2. Issuance of a $285,000 contract to Meridian Institute that was modified to have Meridian determine areas of common ground at the meetings rather than have participants “work as a group to determine areas of common ground.”
3. Meridian’s refusal to keep accurate records of who says what in the meetings, in spite of numerous requests to do so and substantial disagreements over conclusions Meridian is drawing from the meetings.
These circumstances have resulted in a process that is ill-informed, poorly documented and is creating conflict and resentment rather than shared understanding and good will among the participants.
Frankly, it defies logic that the American taxpayer is expected to shell out well over a quarter million dollars for a series of meetings to be left with no record of who said what at those meetings so they can draw their own conclusions or examine the basis for what Meridian Institute and the Forest Service conclude.
We will remain involved in this process in written form so that our contributions cannot be omitted nor misconstrued by Meridian or the Forest Service, but our presence at the meetings will be diminished. We will now discuss the above points in more detail.
We find that the process is being rushed and that the majority of it has been conducted (some eight meetings since September) prior to the public receiving the requisite Assessment of the Management Situation (which was finally posted April 16). This was needed so participants could intelligently discuss the current situation, what changes may be necessary and how best to make them.
Instead, the cart has been before the horse as the process has entertained wildly unrealistic proposals that ignore the current situation and the legal and scientific sideboards within which the Forest must be managed. This is causing a widening gap between folks who have set a portion of their self-interest aside to advocate for fish and wildlife and those advocating for their self-interest and personal uses of the Forest.

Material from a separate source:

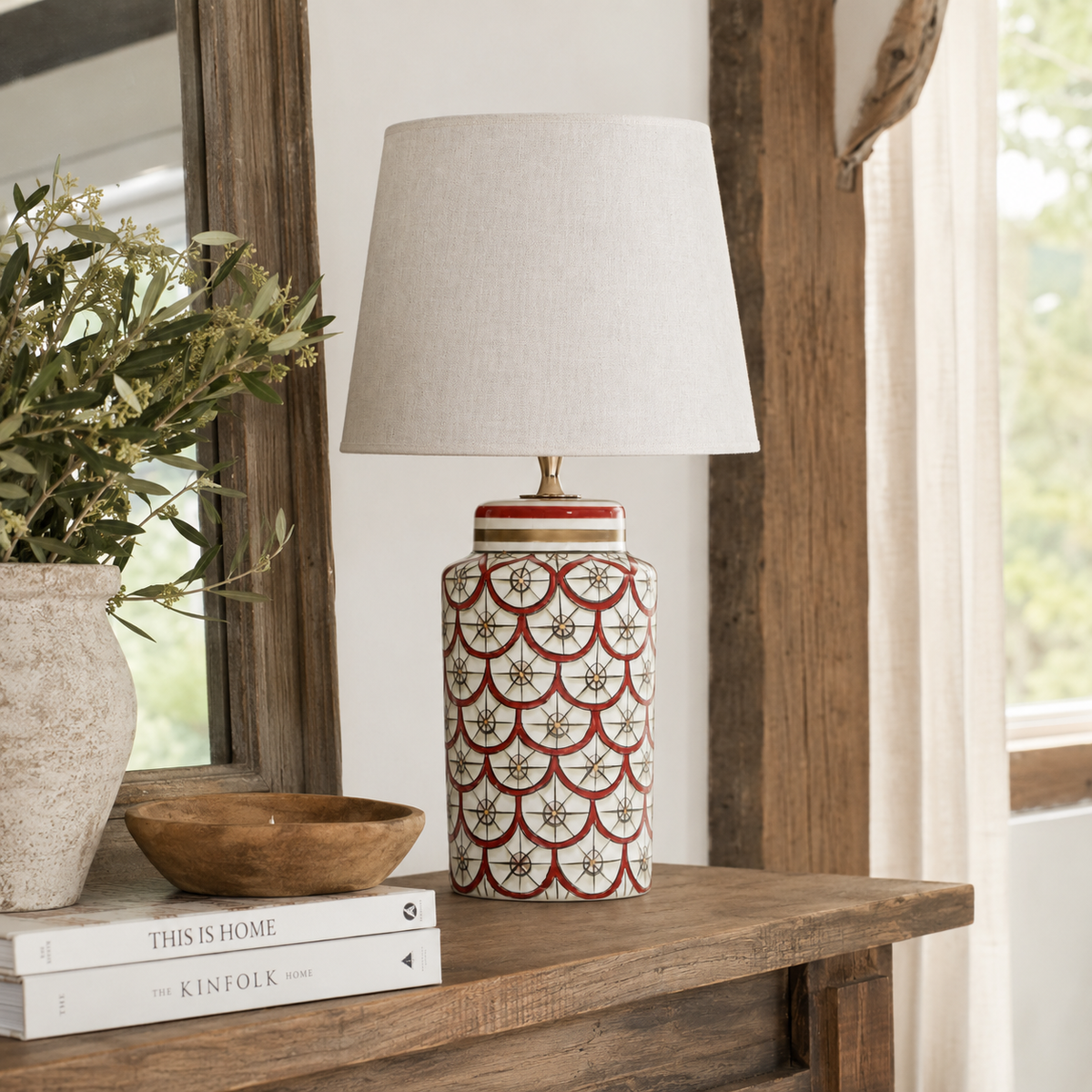 Red & White Ceramic Table Lamp, Scale Pattern Bedside Lamp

One reason for this lack of cohesion in the meeting groups may lie in the contract between the U.S. Institute for Environmental Conflict Resolution/Udall Foundation and Meridian Institute, entered into on behalf of the Flathead National Forest. It was modified in a way that undercuts the very foundation of collaboration.
Whereas the initial contract required that folks “Work as a group to determine areas of common ground,” the modified contract removed the words “Work as a group to” leaving the task of identifying common ground up to contractor Meridian Institute.

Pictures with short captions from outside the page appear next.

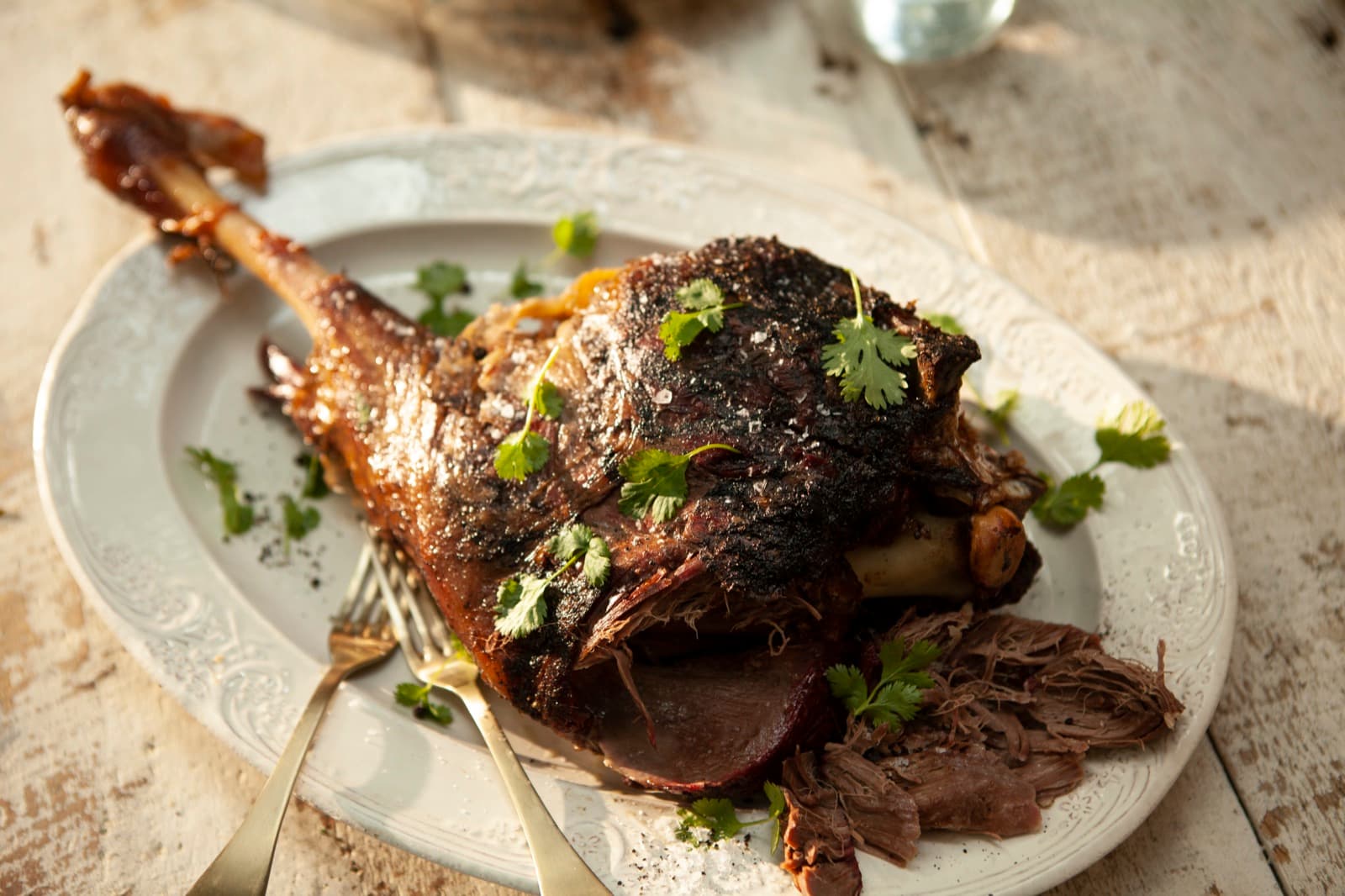 Low & Slow Cooked Leg of Lamb with Dry Rub & Spritz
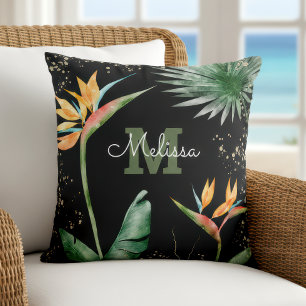 Zwart Goud Tropisch Eiland Bloemen Monogram Script Kussen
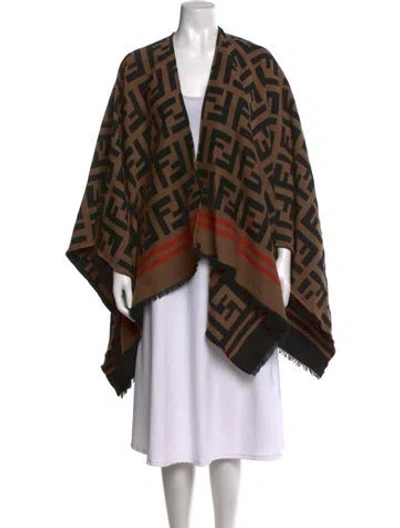 Pre-owned Fendi Wool Graphic Print Sweater In Brown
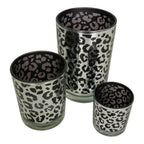 Theelichthouder zilver leopard large 18cm*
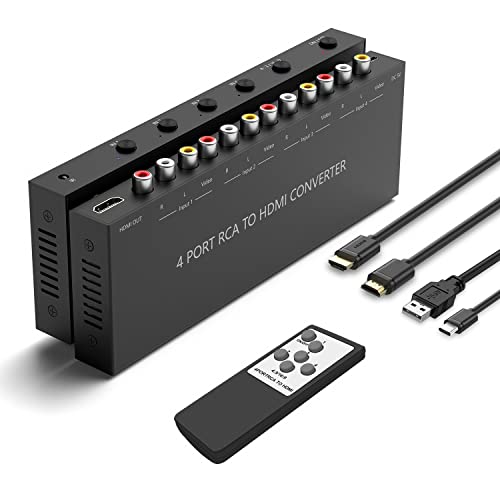AV to HDMI Converter 4-Port 1080P/720P 4:3/16:9 Switching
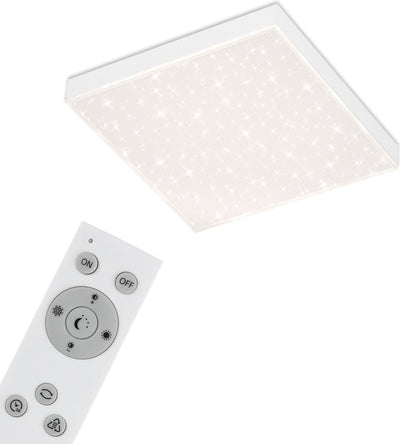 Briloner - Deckenleuchte - dimmbare Deckenleuchte - mit Lichtrand - Sterndeko - inkl. Fernbedienung - Farbtemperaturregelung -15 Watt -1.600 Lumen - Weiß
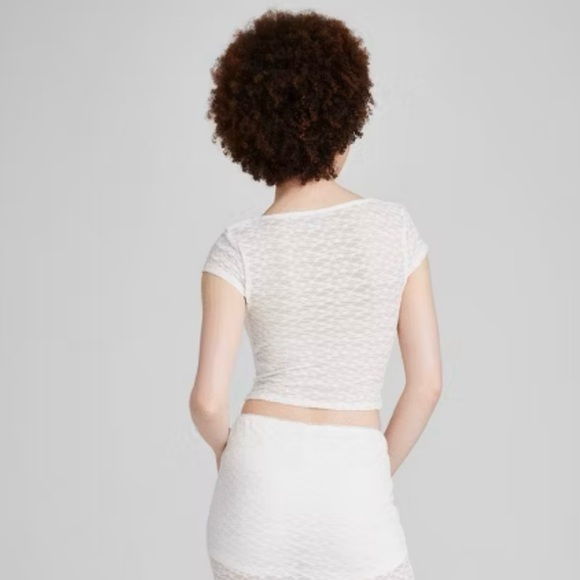 Wild Fable Women's Short Sleeve Lace Bustier T-Shirt Medium - Picture 3 of 3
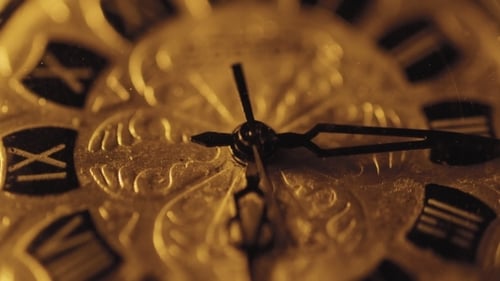 Close Up of a Gold Vintage Clock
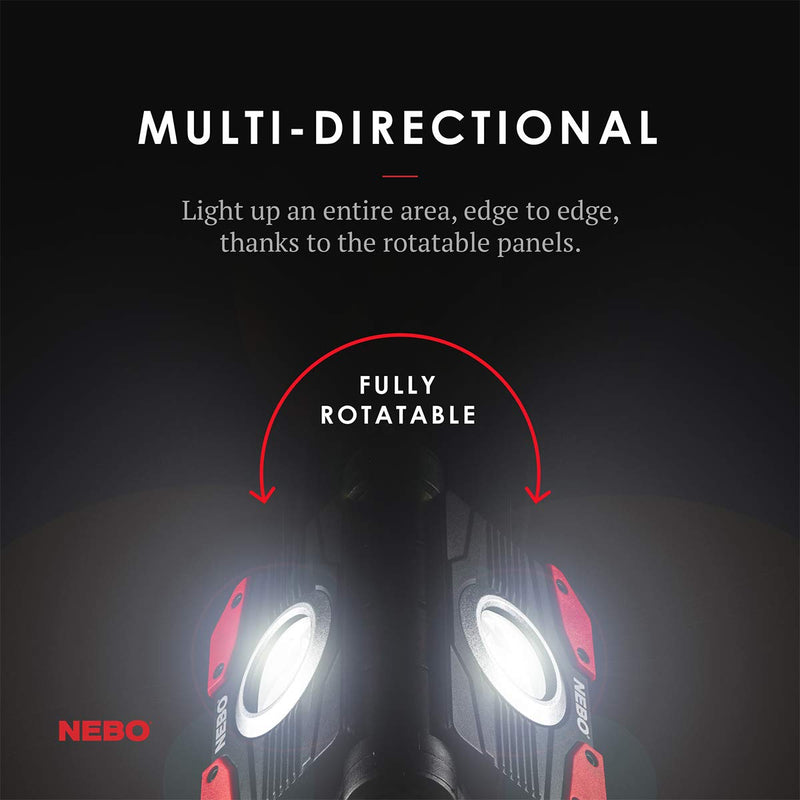 NEBO OMNI 2K Work Light: 2000 Lumen OMNI-Directional Rechargeable Portable Magnetic COB LED Flashlight USB Power Bank Six Light Modes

This has resulted in public meetings with virtually no emphasis on the group(s) working to identify common ground and a lack of faith in Meridian Institute to adequately document how it is arriving at “emerging themes” and “commonality around the room.” Indeed, Meridian has flatly refused on numerous occasions to track who is saying what so participants can better understand one another and Meridian can provide a trustworthy basis for its conclusions. The public is left not even knowing how many people, let alone who, agree or disagree with these “emerging themes.”

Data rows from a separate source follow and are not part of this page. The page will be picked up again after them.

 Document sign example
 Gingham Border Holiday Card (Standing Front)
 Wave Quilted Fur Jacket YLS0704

Meridian’s budgetary excuses for refusing to keep accurate records only spawns further distrust in light of its $285,000 contract and IECR’s findings that this is a “very healthy budget for facilitation support for plan revision.”
We question whether Ms. Lewis’ insistence that her contracting rate remain at $307 per hour — half again what IECR finds “more common” at $200 per hour and the Department of Interior finds “quite high, and well above the industry average” — has resulted in decreased hours and services devoted to the “collaborative” as Meridian has made budget cuts elsewhere to get within a budget IECR would agree to.
We are aware that the Forest Service has contracted with Meridian Institute, via IECR, in order to conduct this “collaboration” without having to convene a formal Federal Advisory Committee and publish its meeting notices and detailed minutes in the Federal Register. Delegating to contractor Meridian Institute the Forest Service’s FACA-forbidden task of asking for a group opinion however, does not lessen the importance of keeping accurate records necessary to substantiate conclusions drawn from the meetings and process.
In spite of numerous requests and basic common sense, you have failed to require that Meridian keep full and accurate records. This has robbed the process of the opportunity to build trust and faith and has instead resulted in distrust and a process lacking integrity.
It has become clear over time that this has been a rushed process, beginning with a flawed contracting process with little regard for the value of participants’ time as meetings took place far ahead of the Assessment of the Management Situation. Now that the long-promised Assessment of the Management Situation has arrived, FNF and Meridian again refuse to stop the meeting process until the public has had adequate time to review the 718-page document.
A number of us have been involved in numerous “process advisory” conference calls with Meridian and FNF. Our pleas to slow the process down to foster a more cooperative atmosphere and garner more well informed public input have been refused at almost every turn.
We now, more than ever, question the purpose, efficacy and sincerity of these “collaborative” meetings. It seems FNF and Meridian are in a race to check items off their “to do” list rather than proceed at a pace and in a manner that fosters public good will, faith in the process and informed citizen participation.
We will to various degrees be disengaging from the meetings involved in this process, especially in light of Meridian and FNF scheduling some 14 hours of meetings to be held in April only several days after posting the 718-page Assessment of the Management Situation — and a similar schedule of meetings in May without prior repairs to the process as outlined above. Should you make substantial changes to your “collaborative” process that you feel may address our concerns, we’d be glad to reconsider.
In closing, just let us say we are deeply saddened that this opportunity for meaningful and informed public involvement has thus far been squandered at great expense to the American taxpayer.
Keith Hammer is the chairman of the Swan View Coalition, Arlene Montgomery is the program director for Friends of the Wild Swan, and Brian Peck is an independent wildlife consultant.